What is expected: Take the lines below from the one with "Lillies: Folklore - Fairies - Doyle" through the one with "1980g *Video Demo*" and retype them exactly. Include nothing else, and no pictures.

---- Data for processing

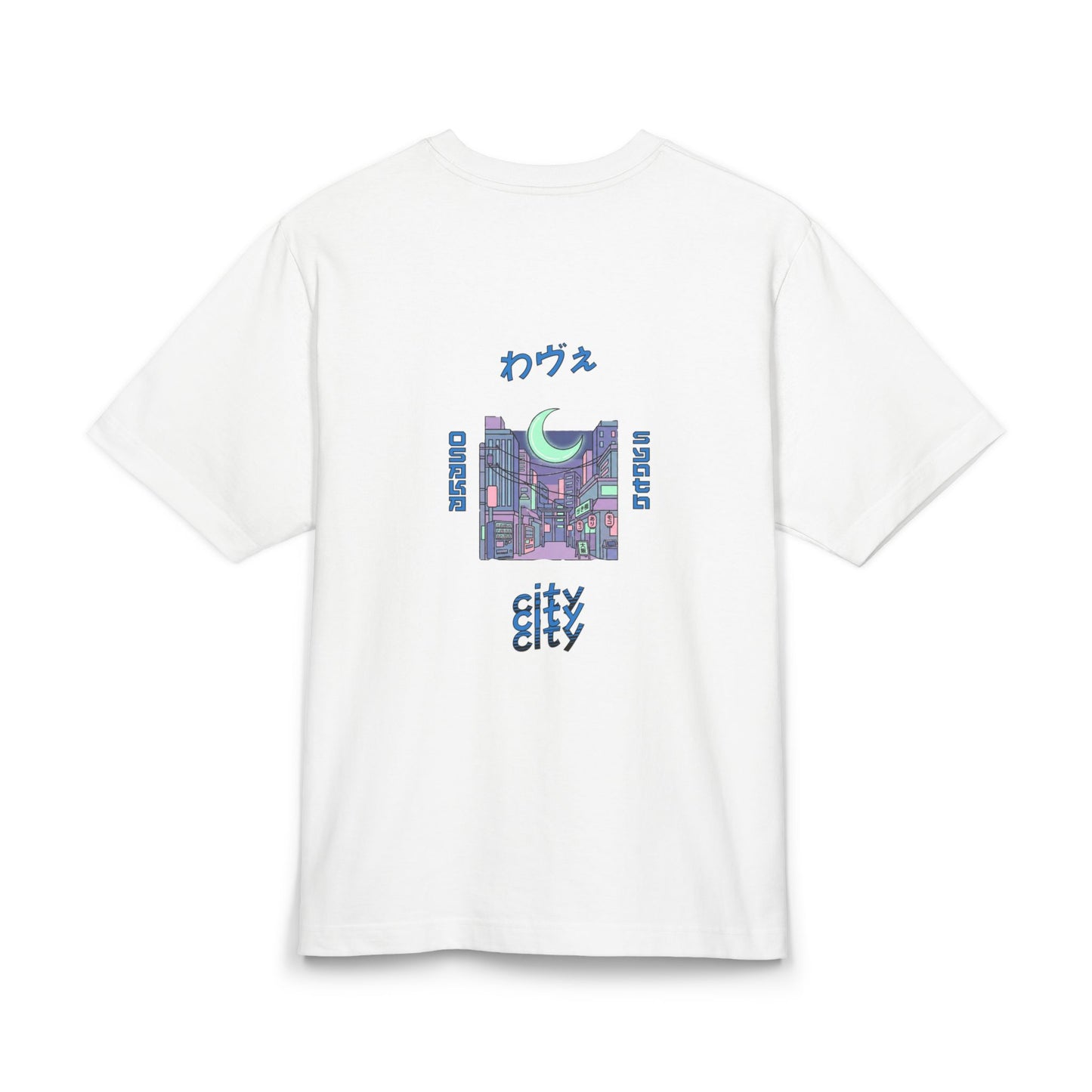 Vaporwave Osaka Box Tee
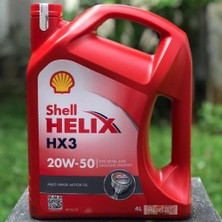 Shell Helix Hx3 20W-50 4 Lt Motor Yağı (Üretim Yılı: 2024)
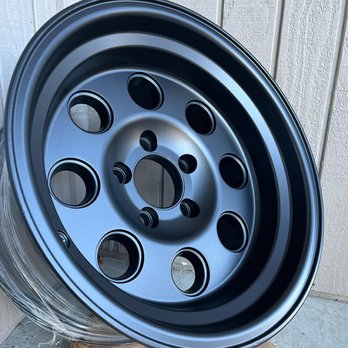 Lake County Coating - Satin black - Powder Coating Near Me - Lakeport, California Lake County Coating - Satin black - Powder Coating Near Me - Lakeport, California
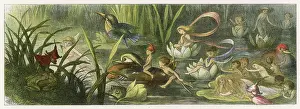 Lillies: Folklore - Fairies - Doyle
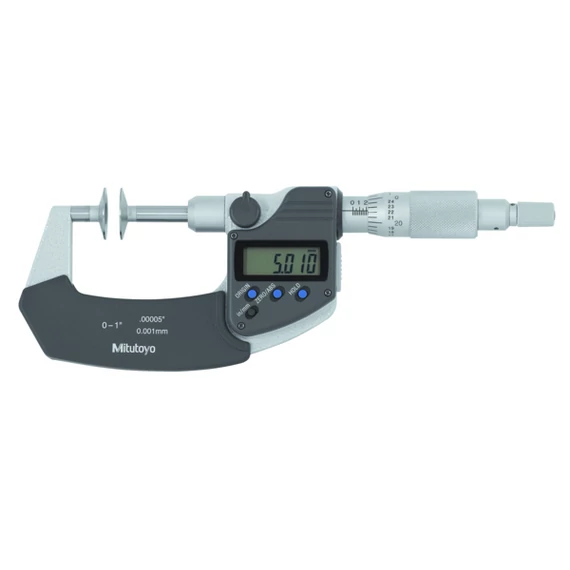 Mitutoyo - Digital Disc Micrometer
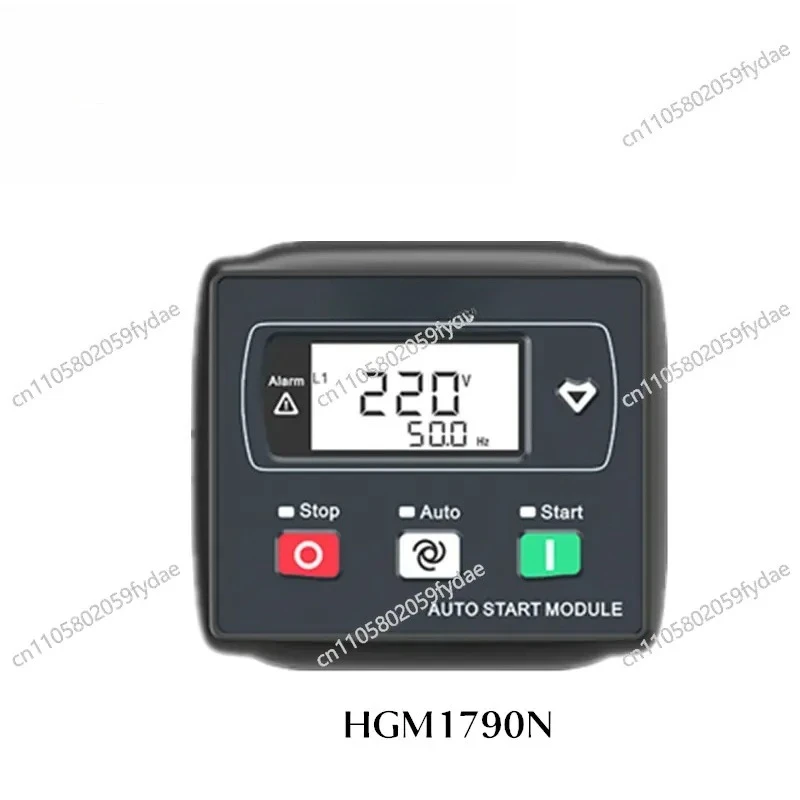 New Generator Automation Controller Module HGM1790N Generator Set Intelligent Controller Control Screen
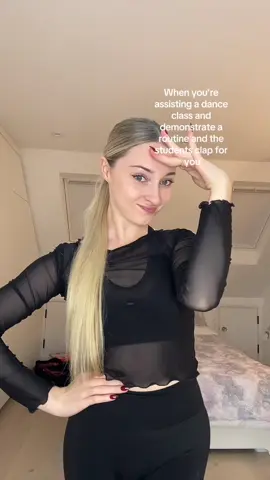 It’s an ego boost like no other (ft top from the best @MoveDance ❤️) #dancer #danceteacher #teachertraining #jazzdance #musicaltheatre #graduate #fypシ 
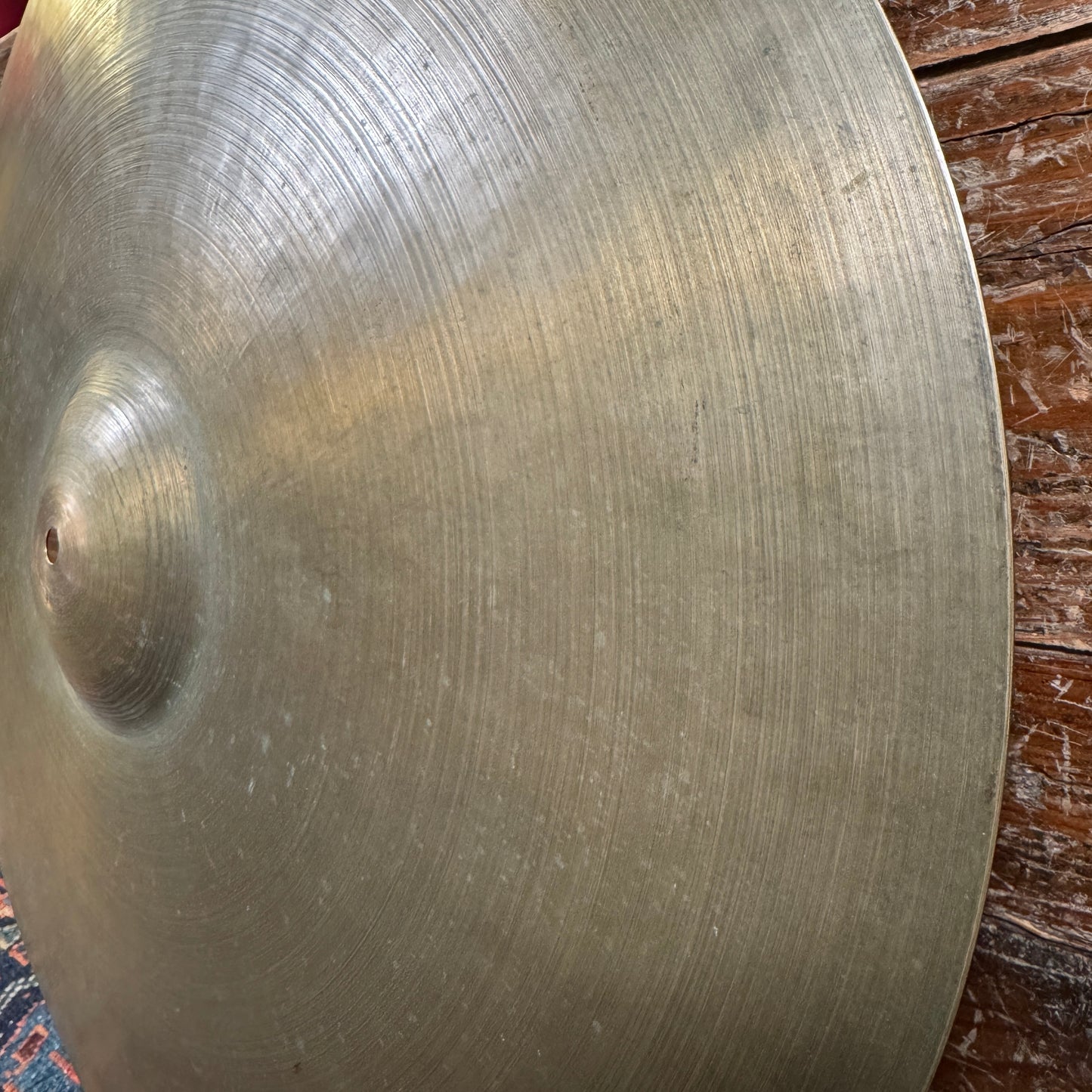 20" Zildjian K Istanbul 1950s Old Stamp IIb Ride Cymbal 1980g *Video Demo*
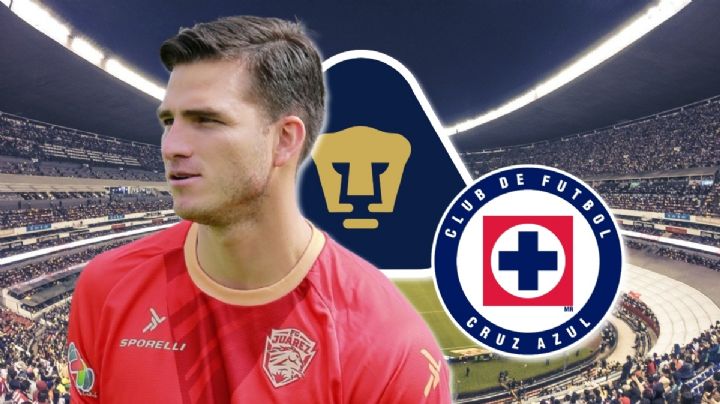 El ex jugador de Cruz Azul que llegaría a los Pumas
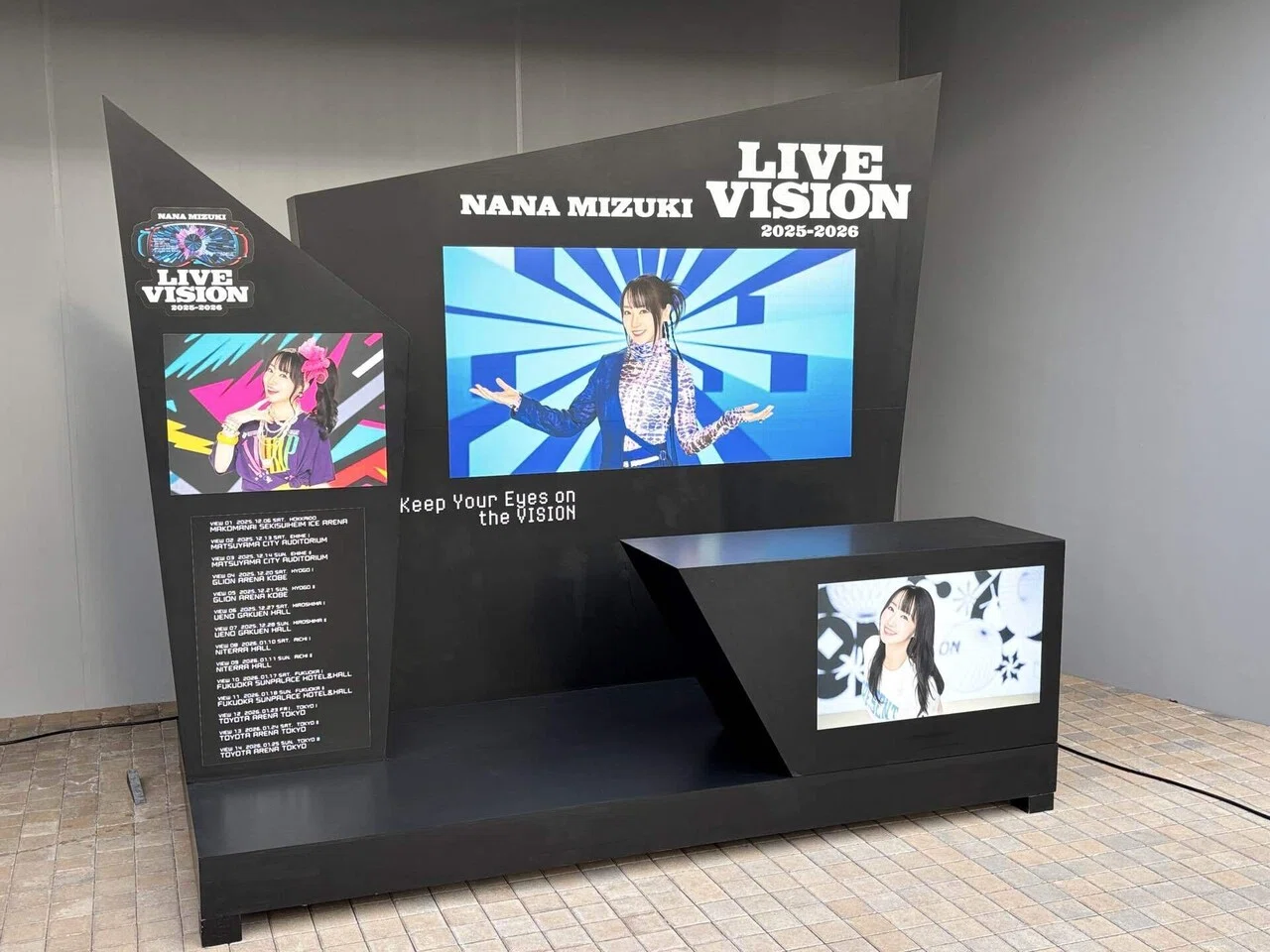 水樹奈々 Live VISION ☆スリングバッグ 水樹奈々、「NANA MIZUKI LIVE 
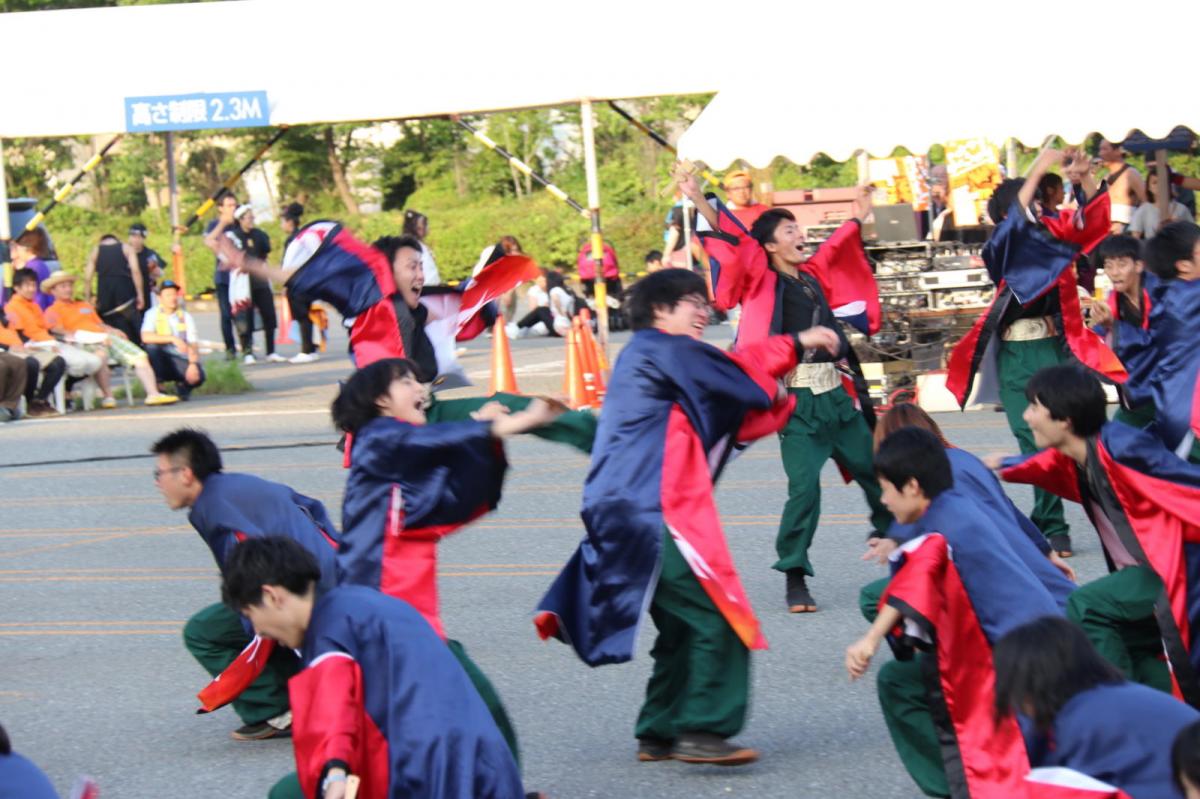 奥州前沢よさこいFesta12中編（奥州前沢よさこいフェスタ2016) 2016/07/10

--------

The answer:
 Lillies: Folklore - Fairies - Doyle
 Mitutoyo - Digital Disc Micrometer
 New Generator Automation Controller Module HGM1790N Generator Set Intelligent Controller Control Screen
 It’s an ego boost like no other (ft top from the best @MoveDance ❤️) #dancer #danceteacher #teachertraining #jazzdance #musicaltheatre #graduate #fypシ 
 20" Zildjian K Istanbul 1950s Old Stamp IIb Ride Cymbal 1980g *Video Demo*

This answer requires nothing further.